* **Brief**
Everything in the records must appear again exactly, except the images.

··········

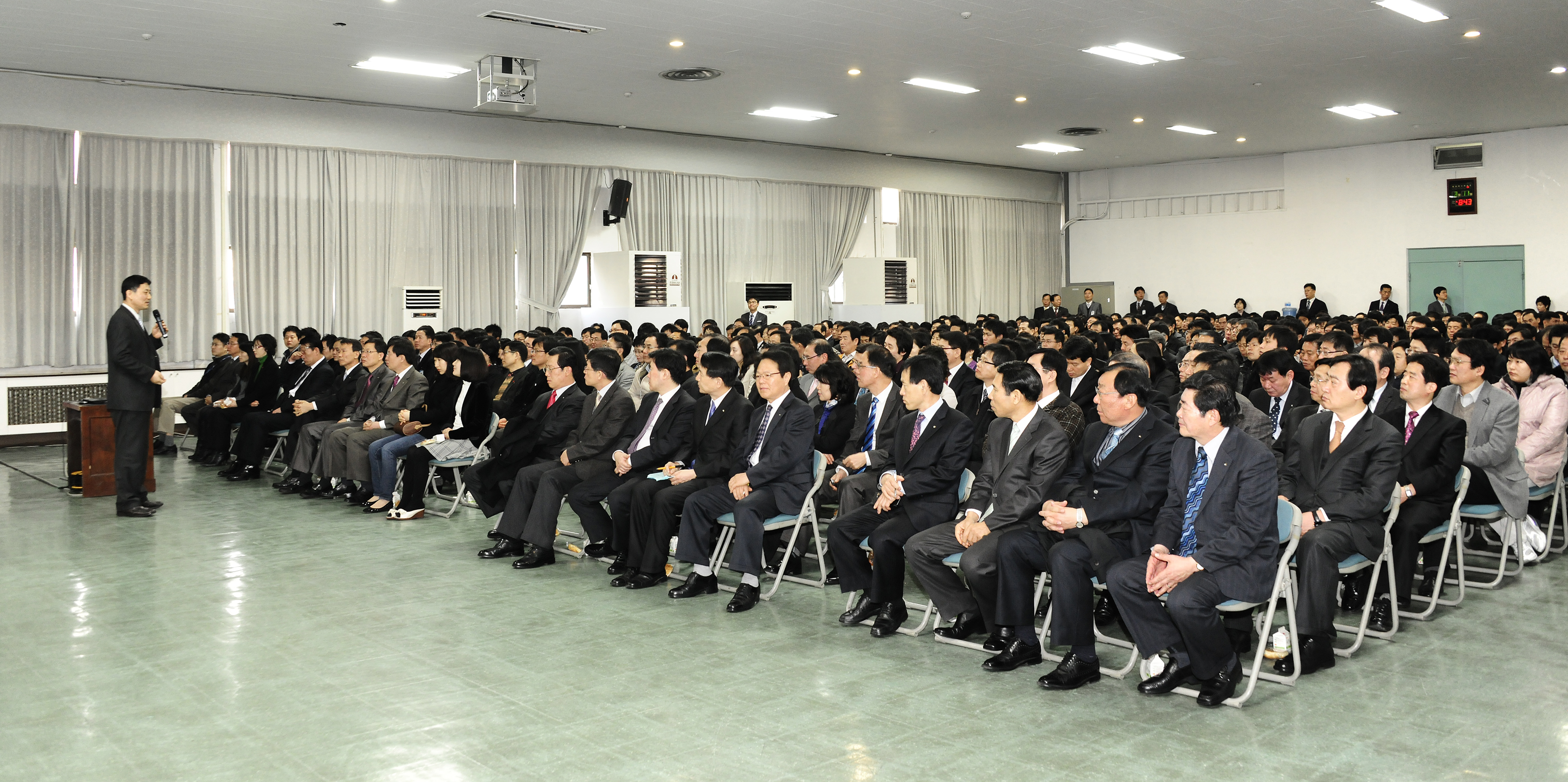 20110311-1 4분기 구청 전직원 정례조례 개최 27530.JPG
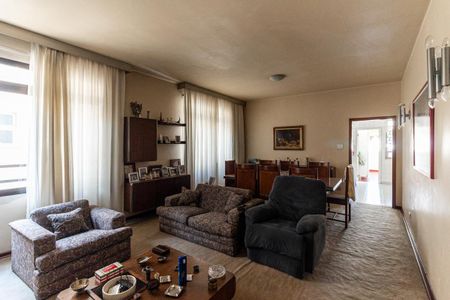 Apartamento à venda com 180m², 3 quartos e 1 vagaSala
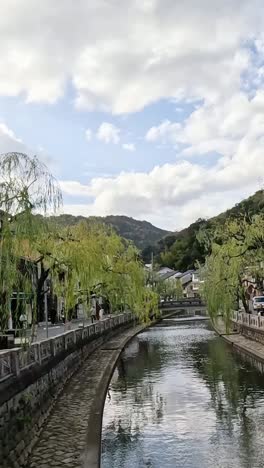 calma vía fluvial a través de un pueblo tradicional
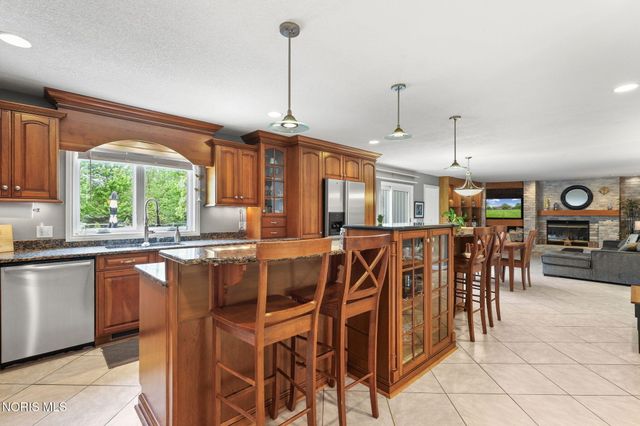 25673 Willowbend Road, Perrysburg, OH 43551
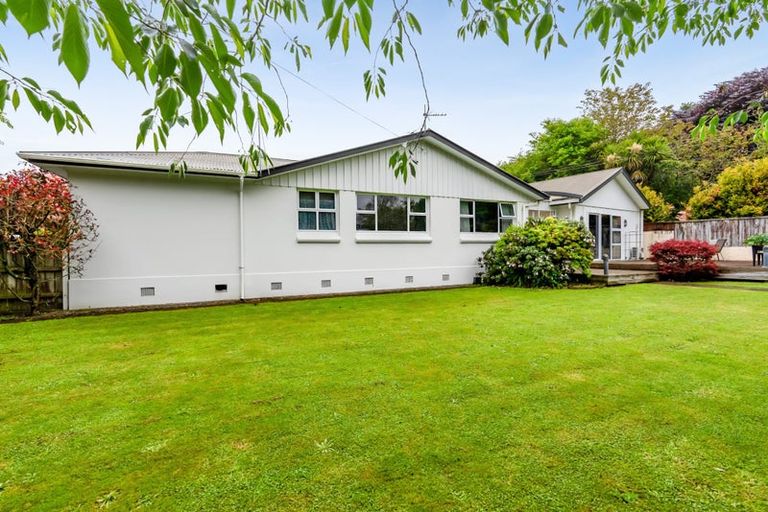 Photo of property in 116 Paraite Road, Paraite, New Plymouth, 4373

··········

* **Completed exercise**
 20110311-1 4분기 구청 전직원 정례조례 개최 27530.JPG
 Apartamento à venda com 180m², 3 quartos e 1 vagaSala
 calma vía fluvial a través de un pueblo tradicional
 25673 Willowbend Road, Perrysburg, OH 43551
 Photo of property in 116 Paraite Road, Paraite, New Plymouth, 4373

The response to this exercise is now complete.